The Fintech revolution is threatening to completely disrupt conventional banking models. But for most Fintech startups, access to consumer data is still a huge challenge. In contrast, the incumbents have a wealth of transactional and behavioral data at their disposal. In the digital paradigm, the flow of data will only increase as each bank accumulates terabytes of data from a variety of external data sources.
Advanced analytics technologies can help banks leverage the abundance of data at their disposal to gain granular, real-time insights into every aspect of banking operations. These technologies empower banks to define their customers, based on their individual values, expectations, and needs, rather than aggregated demographics.

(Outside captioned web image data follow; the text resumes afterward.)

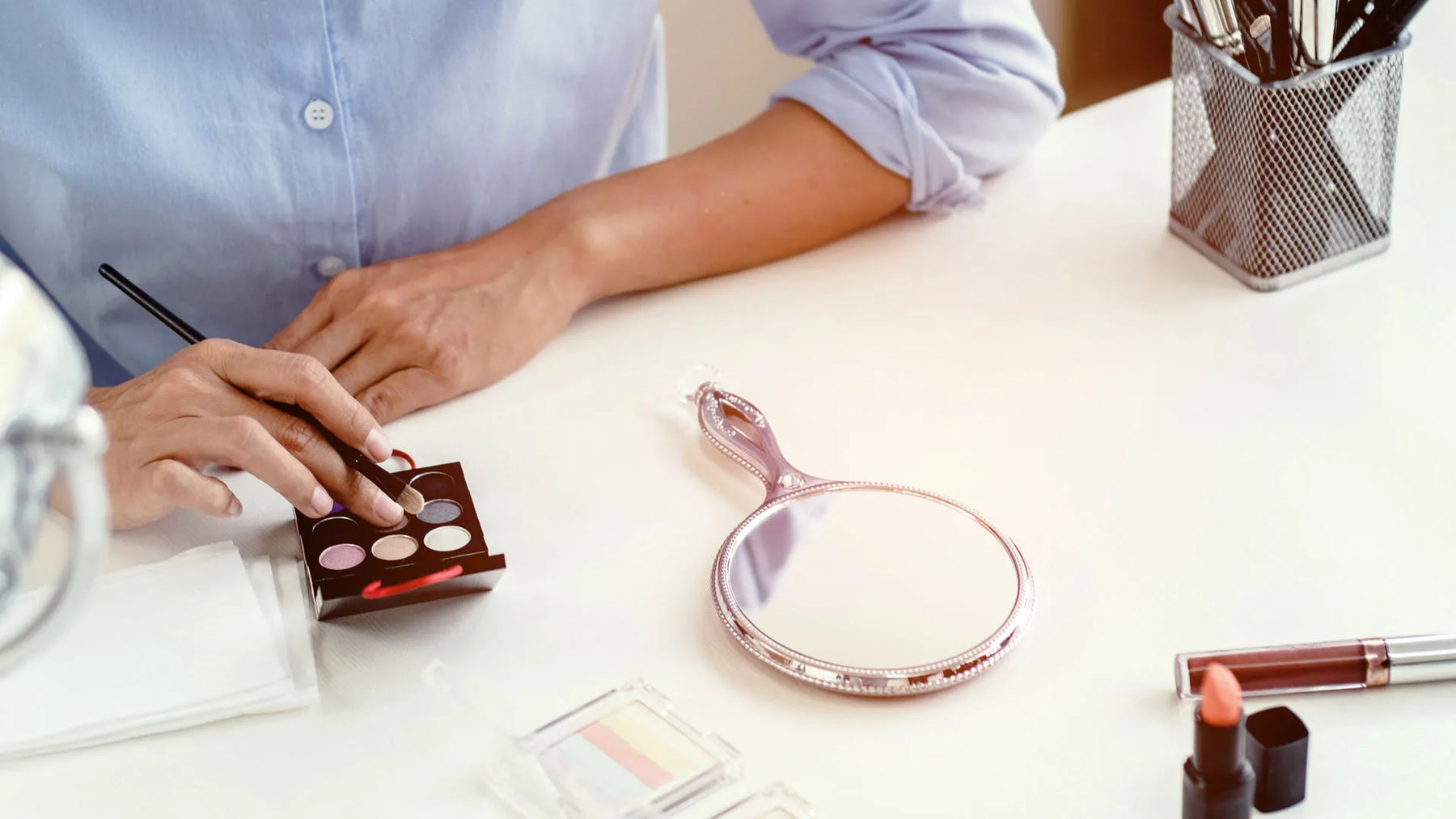 Cosmetic compliance review with product samples on desk.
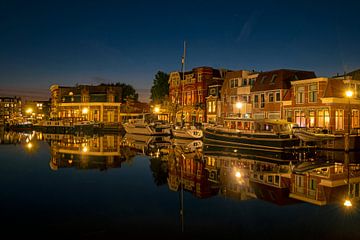 Stadsgezicht van historisch Sneek aan de haven in Friesland bij avond van Eye on You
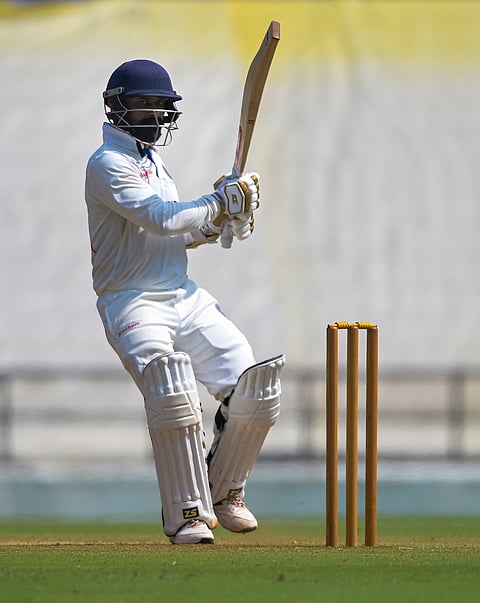 Puducherry's Nikhil Gangta lifts his bat after completing his half-century on the third day of the Ranji Trophy cricket match against Vidarbha at VCA Stadium, in Nagpur, Maharashtra.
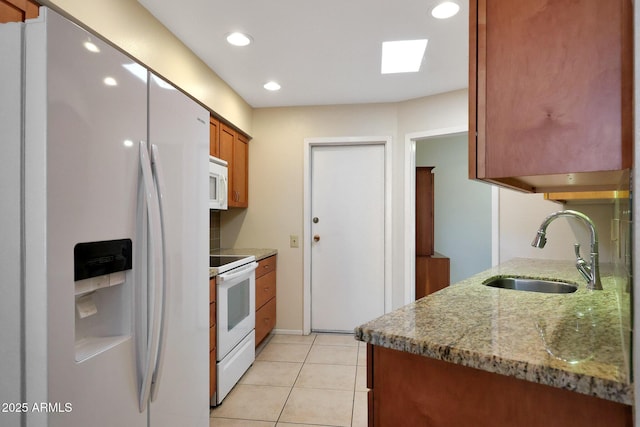 kitchen with a sink, recessed lighting, white appliances, brown cabinetry, and light tile patterned floors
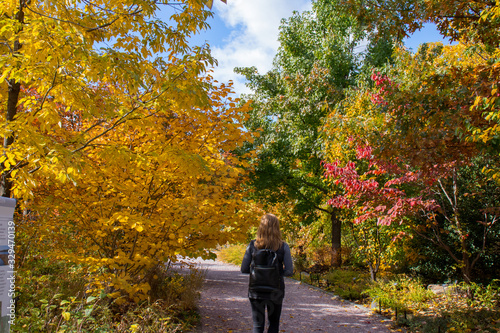 woman walking in autumn park © Marco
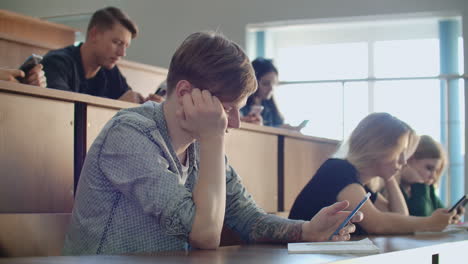 a group of men and women in a large university audience silently look at the screens of smartphones and write chat messages. each person looks at the screens of his device without paying attention to the events of the real world.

Take online and social platforms as an example. As more and more customers turn to these online communities to discuss their opinions and preferences, there is a huge opportunity for banks to turn these interactions into significant business value. For instance, sentiment analysis of social commentaries allows them to drive continuous product and service improvements. It also enables them to generate richer insights into individual customers’ life stage circumstances and personalize the banking experience to the ‘segment-of-one’. This means that banks can now personalize banking experience based on every bit of customer data, including a new addition in the family or the stated intent to purchase a new car. Big data product-matching algorithms can then help deliver products that are aligned with customer preferences, thus significantly increasing the probability of success. Banks can also leverage sentiment analysis to map customer perceptions about the competition, and use those insights to design more targeted and productive acquisition strategies.
Advanced analytics technologies have a host of significant applications across the banking value chain. Currently, the analytics conversation is still dominated by its potential for risk, fraud, and compliance management. And this is rightly so, considering that the industry loses billions to fraud, every year. Compliance norms are also getting tougher, with regulators imposing huge fines on some major banks for KYC and AML violations.
The proliferation of digital touchpoints and explosion in digital transactions is only going to exacerbate the situation. More importantly, the increasing complexity of reporting norms, amidst a zero-tolerance approach to non-compliance, will make analytics a practically indispensable part of risk and compliance management as traditional detection and control systems struggle to cope with the rigors of the digital banking business.
Advanced analytics technologies can help compliance officers take a more unified, enterprise-centric view of risk, by connecting the dots across multiple risk and compliance layers within the organization. They also enable a more proactive approach to the management and mitigation of risk by extracting actionable intelligence from a range of structured and unstructured data sources. Advanced analytics tools can map financial patterns across accounts and channels in real-time, to flag suspicious activities and behaviors that deviate from the norm.
That being said, advanced analytics can drive opportunity and value in almost every banking function. Take the technology ecosystem for example. Using advanced IT operations analytics platforms, banks can now monitor and analyze application and infrastructure usage alongside performance issues across the technology landscape. Banks can enhance the returns on expensive infrastructure investments by taking an insights-based strategy to optimize capacity based on current and expected usage. A data-driven approach to technology and application management will also allow them to strengthen business outcomes and innovations.
In the era of the ‘segment-of-one’, banks can leverage big data analytics to drive tremendous contextual value throughout the customer life cycle. By looking beyond traditional structured data sets, banks can now generate more targeted customer acquisition leads. A customer’s product usage patterns can inform product development strategies and even uncover potential opportunities for up- and cross-selling. Analytics also allows banks to enhance the ROI of their marketing programs by eliminating intrusive, irrelevant, and unproductive offers.
In a time of fickle loyalties, analytics and predictive modeling techniques allow banks to constantly monitor customer satisfaction levels and predict attrition before it happens. That apart, analytics solutions can even help match acceptability and profitability across a range of possible retention offers.
As more and more customers turn to digital channels for their routine banking interactions, it is imperative to enlist every banking employee in the battle for loyalty and wallet share. This means empowering every role, however junior, with the power of analytics. When empowering employees – or indeed, any stakeholder – with analytics, the focus must be on adopting easy-to-use visualization and prediction technologies that enable them to quickly convert complex data patterns into actionable intelligence. In order to fully integrate the potential of analytics and to ensure that all employees, partners, and customers are ‘analytics-enabled’ as required, truly digital banks will increasingly turn to cloud-based, open-source technologies in the coming year.